Leaves the wideband likelihood calculation the same
Is a little slower in the continuous wave searches
Matches to good accuracy with current likelihood calculation in all tested cases

This pull request adds new class methods to make this new class work, renames the current likelihood calculation class to OldLogLikelihood, and sets the LogLikelihood class containing the new calculation to be the default method of computation. Additionally, a CompareLogLikelihood class is added to allow quick comparison of speed and accuracy between the two methods of likelihood calculation.

stevertaylor commented 3 years ago

This is a fundamental change to the likelihood implementation in enterprise. I think we need to have a broader discussion about incorporating this as the default behavior. I would prefer to retain the current behavior as the default for now, and have the new method be an optional switch, especially since the new method does not have documentation or a reference to explain its implementation (unless it really is equivalent to the old G-matrix approach).

kdolum commented 3 years ago

The mathematics of the new method are described in Xavi's talk at https://files.slack.com/files-pri/T02HY66UF-F022X0AQ7U4/download/nanogravspring2021likelihoodpresentation.pdf . The implementation of the new method is described in detail in a long comment in the code.

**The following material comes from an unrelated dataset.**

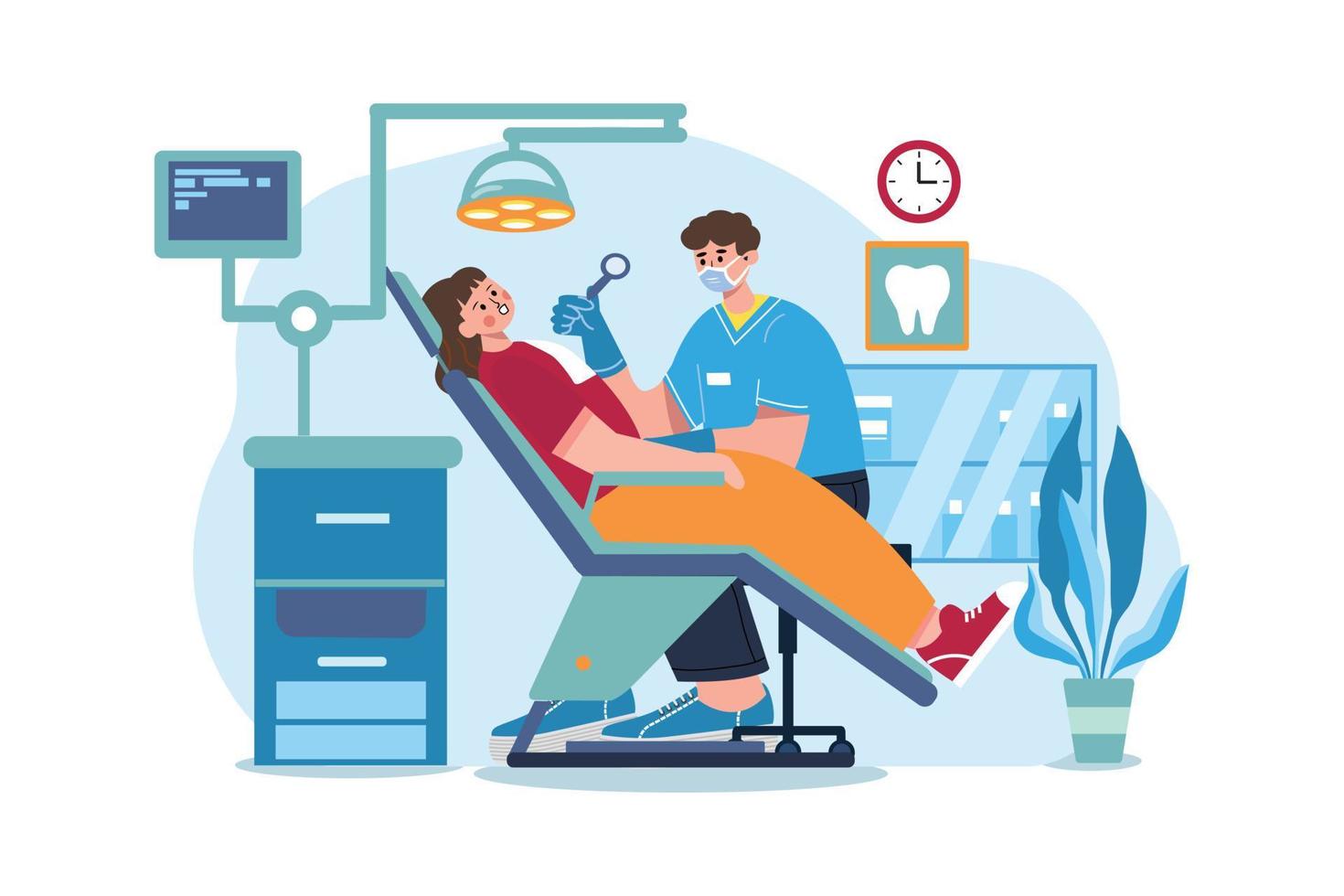 Dentist clinic Illustration concept vector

I would be happy to merge these things into some other document if you would like to suggest a location.

This code has been extensively tested. For GWB, I did 10,000 samples comparing the old and new computations with the change in the log likelihood never being higher than 10^-3, i.e., the likelihoods are within 0.1%. Aaron has tested a broad range of other analyses with similar good results. The case with the largest discrepancy is continuous wave (for which this new method is not helpful anyway). The largest discrepancies in this case are differences of a few in log likelihood, but they occur only in cases where the log likelihood is less by at least 100,000 or so than the typical values, thus parameter sets that are of no interest. Presumably that problem results from numerical instability, so we don't know which method is giving the better answer.

As for the default, I'm afraid that without changing it there will be people who do runs lasting several weeks, never knowing that a one line change would have saved them 60% or even 80% of their runtime.

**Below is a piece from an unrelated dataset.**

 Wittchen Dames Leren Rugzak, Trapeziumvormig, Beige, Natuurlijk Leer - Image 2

stevertaylor commented 3 years ago

In my view it would not be appropriate to completely change the default behavior of our pipeline on the eve of an important flagship analysis. The method has not featured in a published article, and has not been used in previous published PTA real-dataset analyses of any kind. I don't doubt the mathematics or the method at all-- it's the process that concerns me, and how we will be presenting our pipeline and methods to the scientific community. At the very least a technical memo could be produced that details the math and the various tests performed, along with scenarios where it's not helpful. NANOGrav has the capacity to host such collaboration memos. It's clear that this method is useful in speeding up spatially-correlated analyses by a factor of a few. So it's completely appropriate to have this as an optional switch from the current default behavior. Those that will be running spatial-correlation analyses for the forthcoming dataset will certainly be experienced and in-the-know enough to be aware of this new optional "speed switch", so I don't foresee any of us needlessly wasting cluster time. Let's have a discussion about this on Monday's DWG call, and we should certainly get views from enterprise architects like @vallis during the discussions.

scottransom commented 3 years ago

As someone who watches this development from the sidelines, I definitely agree with Steve that this should not be made the default calculation right now. Optional, yes, and it should even possibly be used for much of our analyses. But we will need to convince all of ourselves and others that it is numerically equivalent in the long-run (although the tests that you have described certainly sound promising).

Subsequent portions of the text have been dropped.